MATERIAL FOR THIS TASK>
»»

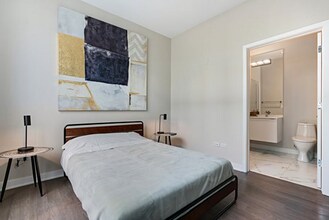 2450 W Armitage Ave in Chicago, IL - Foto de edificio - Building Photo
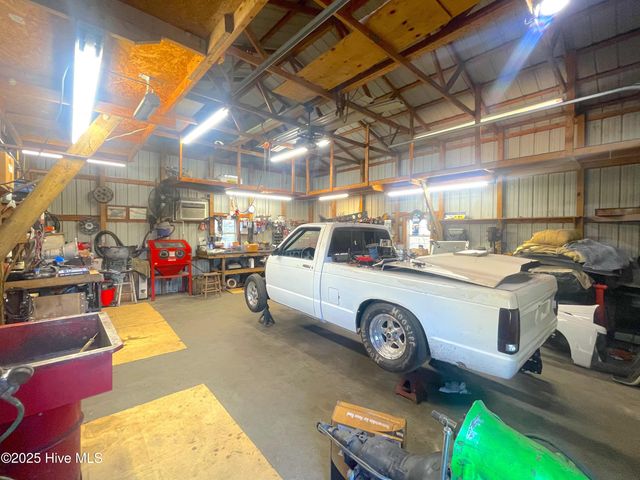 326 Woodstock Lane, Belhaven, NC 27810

««
»»

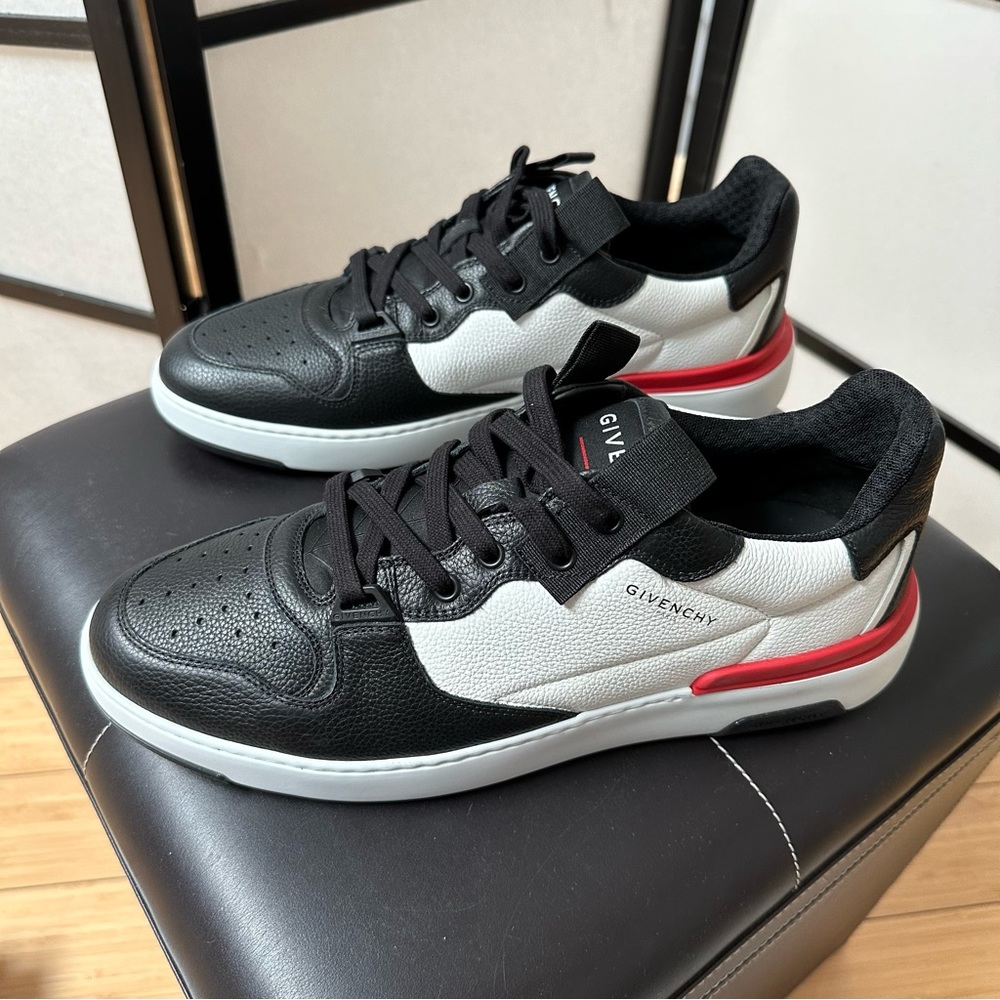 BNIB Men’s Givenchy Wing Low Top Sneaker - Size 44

««

REQUIREMENT> Look above for the line holding "2450 W Armitage" and output everything from it down to the line holding "326 Woodstock Lane, Belhaven, NC 27810", both ends included, exactly and without images.

OUTPUT FOR THIS EXERCISE>
 2450 W Armitage Ave in Chicago, IL - Foto de edificio - Building Photo
 326 Woodstock Lane, Belhaven, NC 27810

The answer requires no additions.